(Instructions to follow): Could the entries below be transcribed word for word, with the pictures omitted?

** Opening Extracted information block **

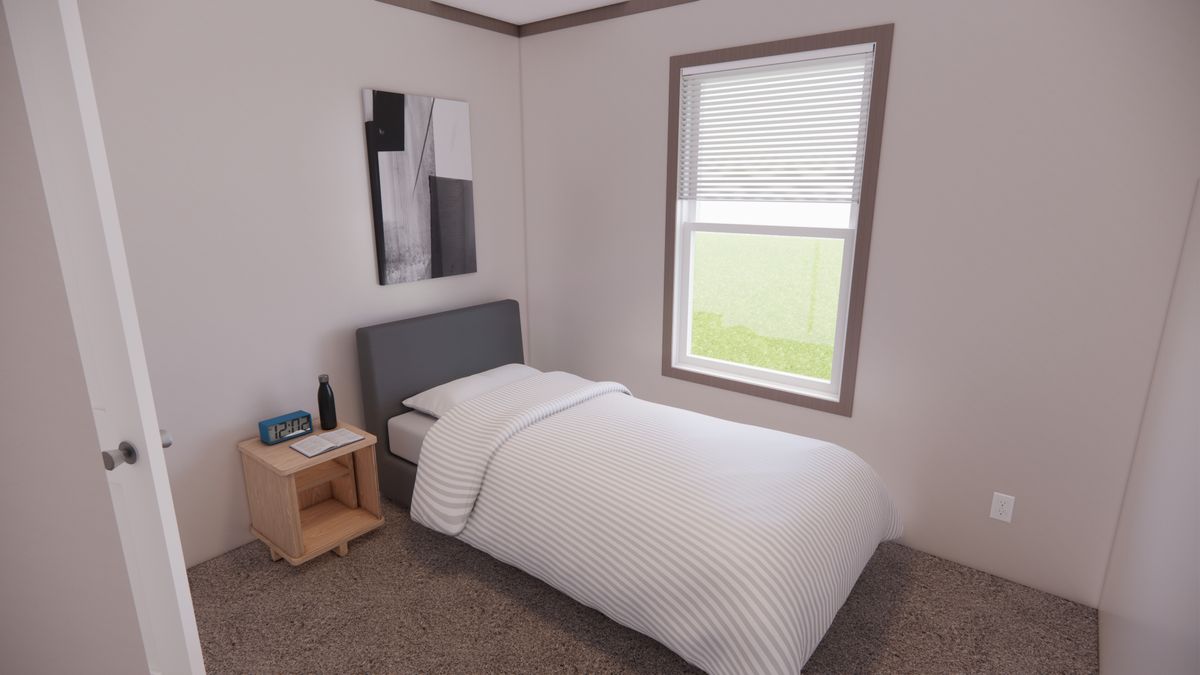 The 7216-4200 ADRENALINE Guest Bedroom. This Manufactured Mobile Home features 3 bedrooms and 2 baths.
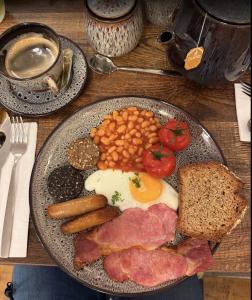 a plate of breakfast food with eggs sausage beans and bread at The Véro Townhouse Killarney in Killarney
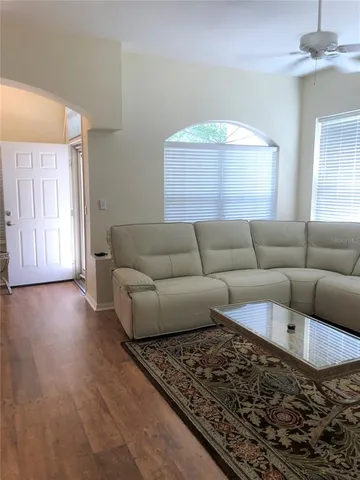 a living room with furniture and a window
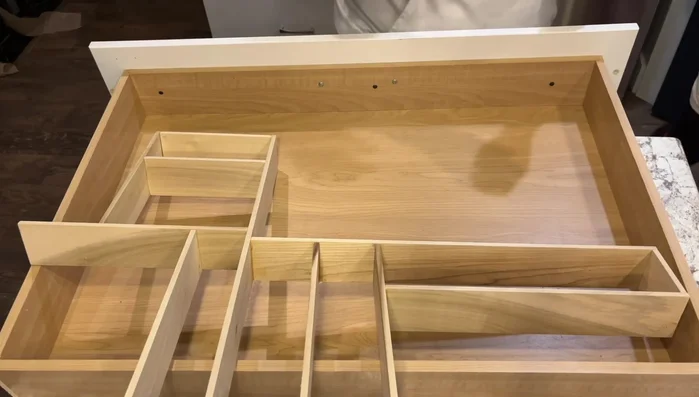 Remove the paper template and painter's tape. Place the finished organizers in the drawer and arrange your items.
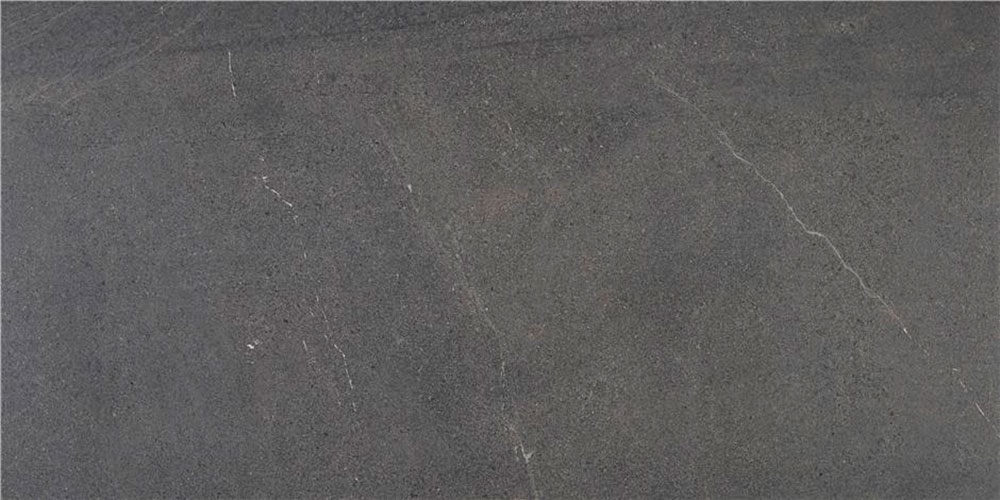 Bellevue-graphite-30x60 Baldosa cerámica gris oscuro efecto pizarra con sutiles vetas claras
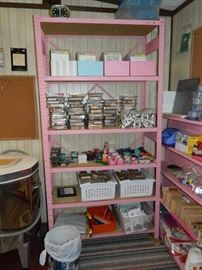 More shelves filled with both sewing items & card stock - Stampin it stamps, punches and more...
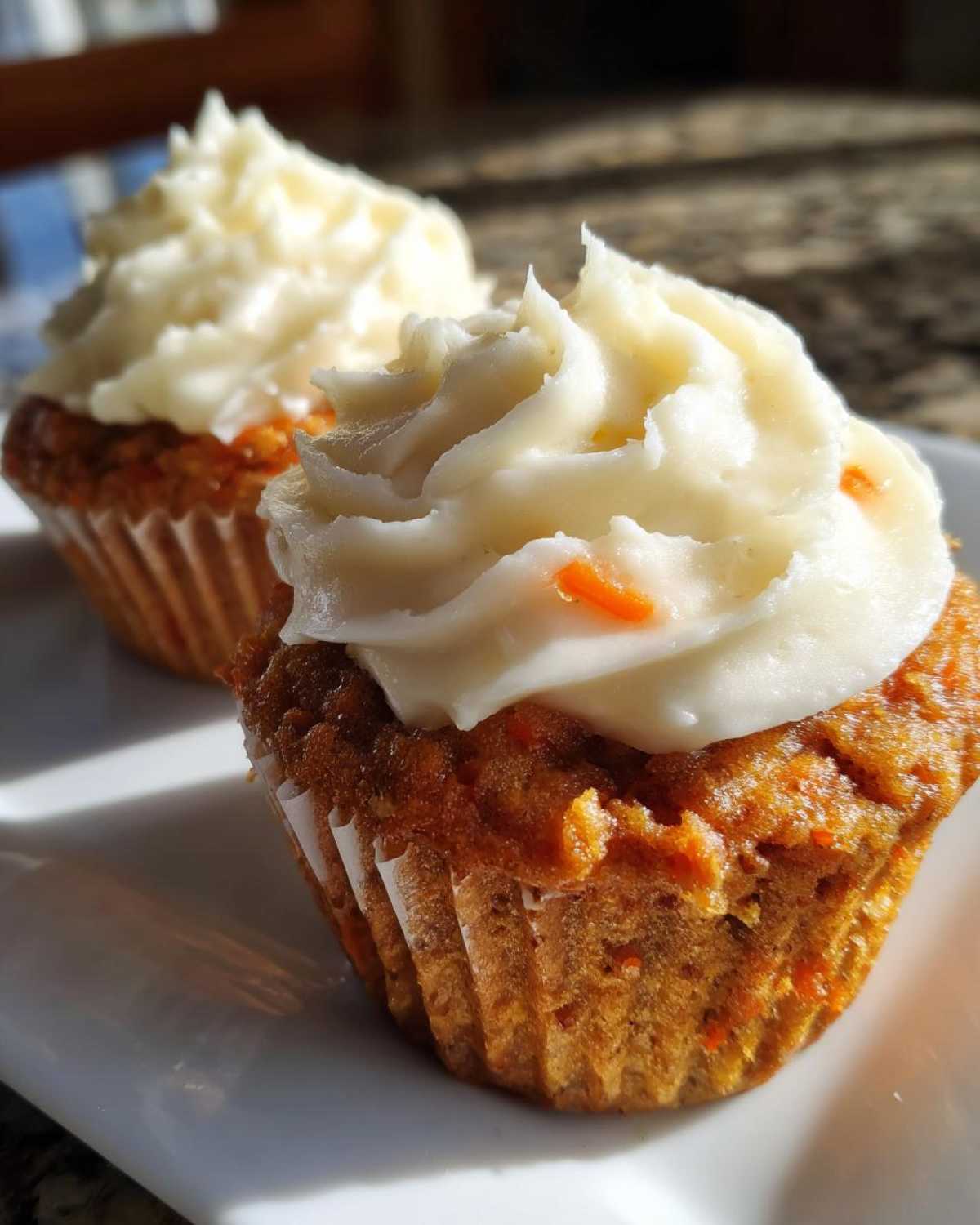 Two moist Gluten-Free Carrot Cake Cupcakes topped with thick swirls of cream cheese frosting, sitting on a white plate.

** Closing Extracted information block **

(Reply):
 The 7216-4200 ADRENALINE Guest Bedroom. This Manufactured Mobile Home features 3 bedrooms and 2 baths.
 a plate of breakfast food with eggs sausage beans and bread at The Véro Townhouse Killarney in Killarney
 a living room with furniture and a window
 Remove the paper template and painter's tape. Place the finished organizers in the drawer and arrange your items.
 Bellevue-graphite-30x60 Baldosa cerámica gris oscuro efecto pizarra con sutiles vetas claras
 More shelves filled with both sewing items & card stock - Stampin it stamps, punches and more...
 Two moist Gluten-Free Carrot Cake Cupcakes topped with thick swirls of cream cheese frosting, sitting on a white plate.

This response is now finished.